■ EXERCISE BRIEF ■
Everything from the line that contains "9025 Darien Woods" through the last line below should be transcribed exactly, except the pictures.

■ DATA FOR PROCESSING ■
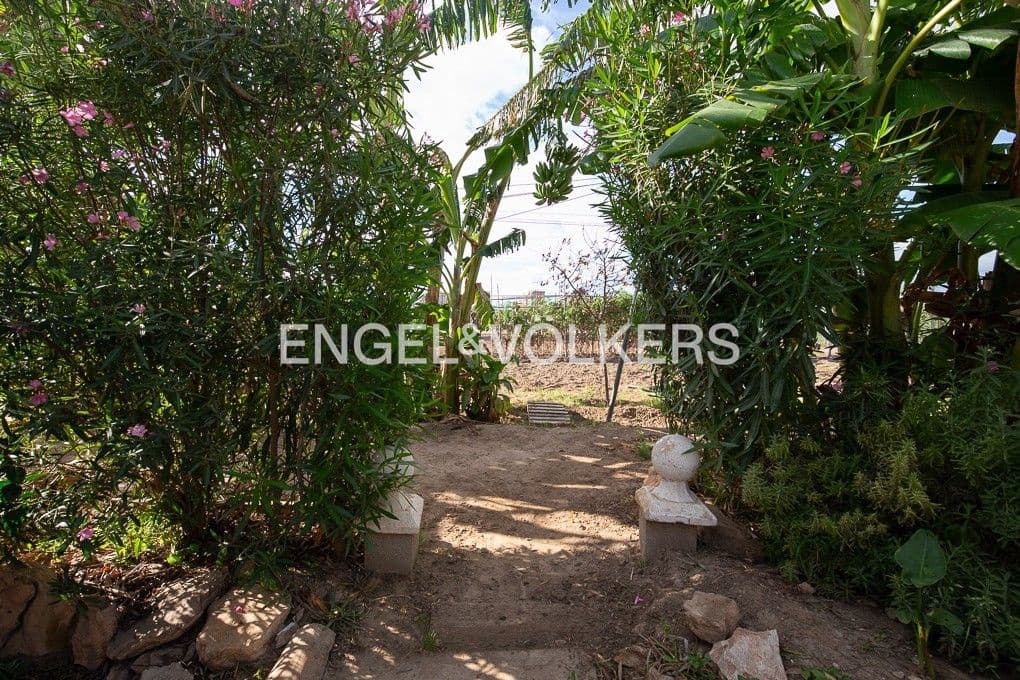 Landgrundstück zu verkaufen in Valencia Stadt - 990.000 € (Ref: 8235651)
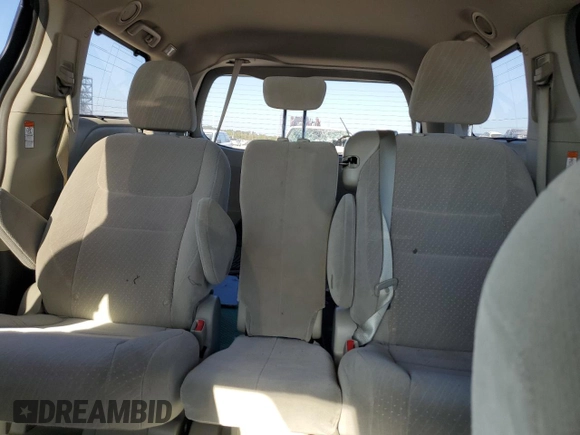 2018 Toyota Sienna LE Auto Access Seat with VIN 5TDKZ3DC3JS961968, listed as a Copart auction lot 76955644 with 28,513 mi miles and Salvage title. Bid and sale history available at DreamBid. Image 10.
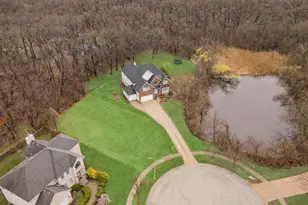 9025 Darien Woods Ct, Darien, IL 60561 - Photo 1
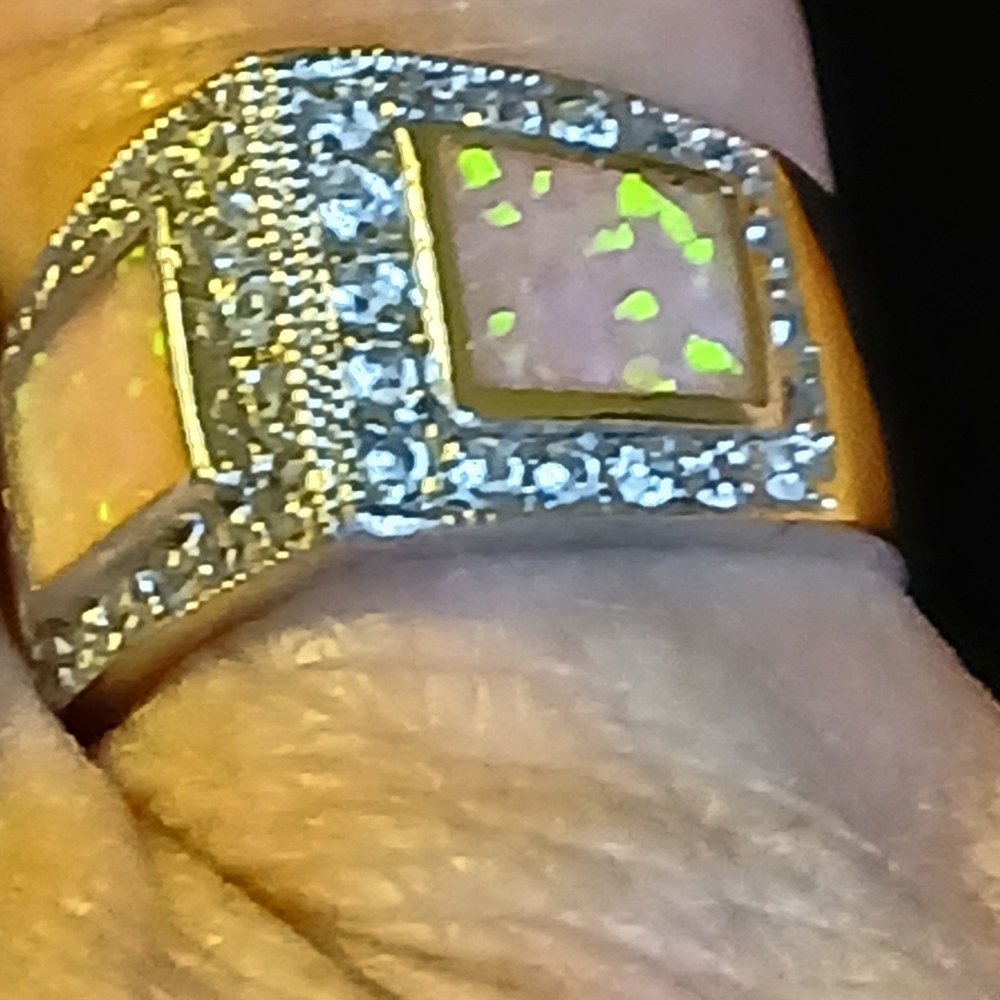 Elegant Sterling Silver Ring with Opal Accents Size 8 - Picture 10 of 14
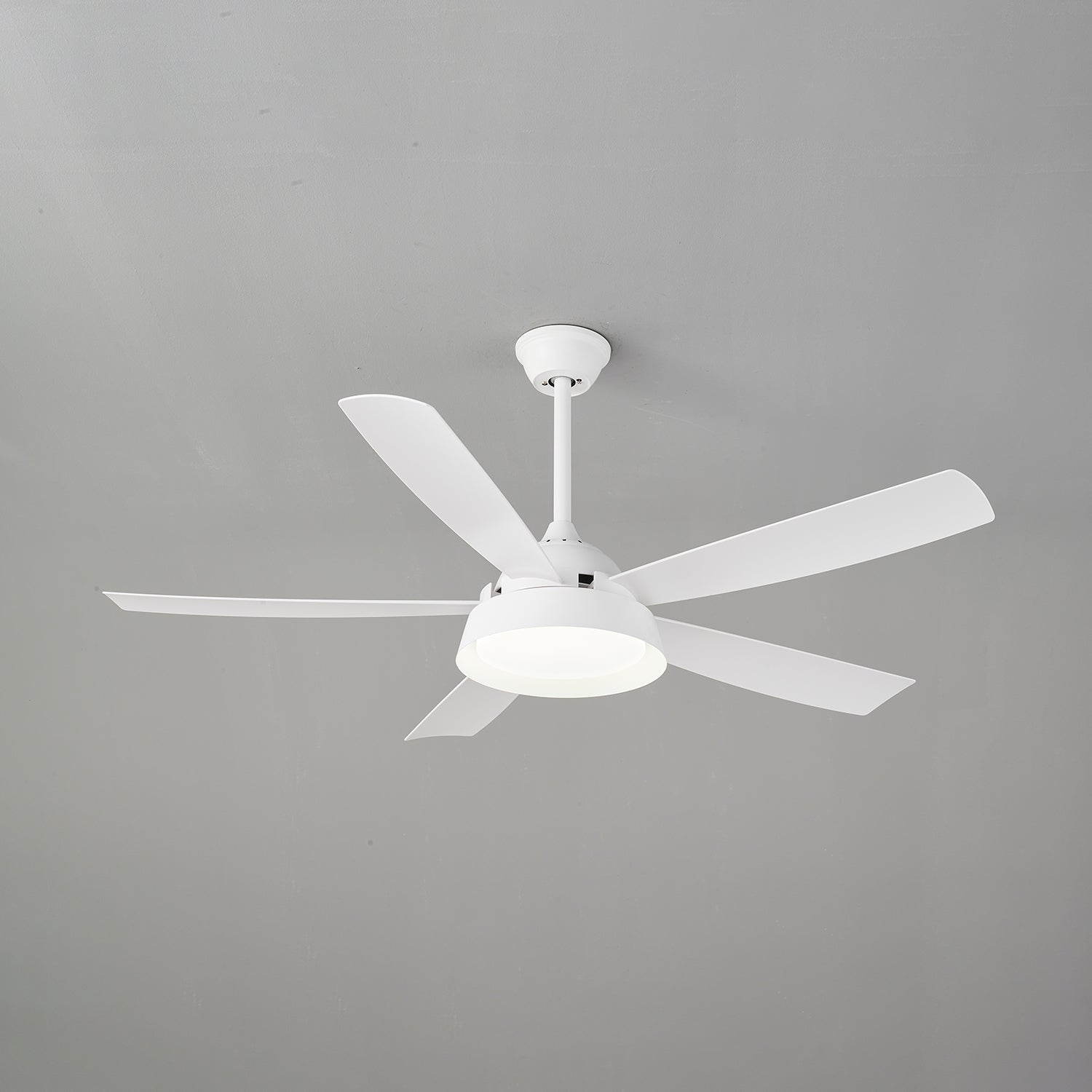 Plafonnier ventilateur Orvino en bois dans un espace commercial comme un bureau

■ RESPONSE AREA ■
 9025 Darien Woods Ct, Darien, IL 60561 - Photo 1
 Elegant Sterling Silver Ring with Opal Accents Size 8 - Picture 10 of 14
 Plafonnier ventilateur Orvino en bois dans un espace commercial comme un bureau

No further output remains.